Continuous extracellular matrix (ECM) remodeling and cellular heterogeneity are key contributors to cancer development and can both profoundly affect treatment efficacy. Developing in-vitro models that recapitulate matrix and cellular heterogeneity of the tumor microenvironment (TME) can aid in observations that are currently challenging to acquire with conventional 2D cultures and preclinical animal models. Here we report an extrusion bioprinted co-culture model of head and neck cancer and stromal fibroblasts using a composite bioink containing a reinforced decellularized extracellular matrix hydrogel. Fibroblasts have a significant role in remodeling and matrix deposition. When cultured in the bioactive extracellular matrix ink, they provide the cellular elements typically found in the tumor stroma. Head and neck squamous carcinoma cells (UM-SCC-38) were integrated into the bioink, and in the presence of fibroblasts (HVFFs), they began to proliferate into cell-cell interactive spheroids. As the co-culture model is capable of remodeling, we evaluated the ultrastructure of the bioink. We observed a fibrous collagenous network retained from the ECM of the source tissue containing nanometer-scale pores. Following the deposition of the co-culture model, we observed UM-SCC-38 spheroid formation that began during the first week in culture and continued over a three-week period in which the fibroblasts migrated to regions directly surrounding each spheroid.
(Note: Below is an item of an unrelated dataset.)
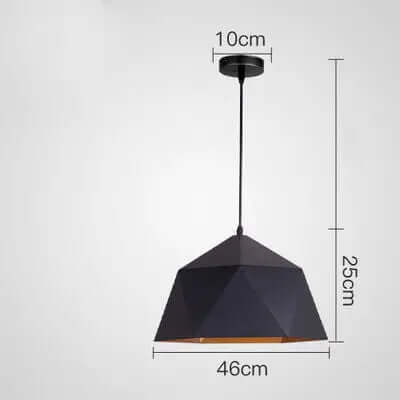 Colorful Geometric Creative Small Hanging Lamps in black with dimensions 46cm x 25cm.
Using a Luminex assay to quantify matrix metalloproteases in co-cultures compared to monocultures, we observed significant differences in the presence of MMP-9 and MMP-10 expression corresponding to periods of the culture in which collagen underwent remodeling. Time-dependent characterization of collagen synthesis, protease activity, and spheroid growth rates are developed to characterize the system as an advanced co-culture model to evaluate tumor-stromal interactions and remodeling.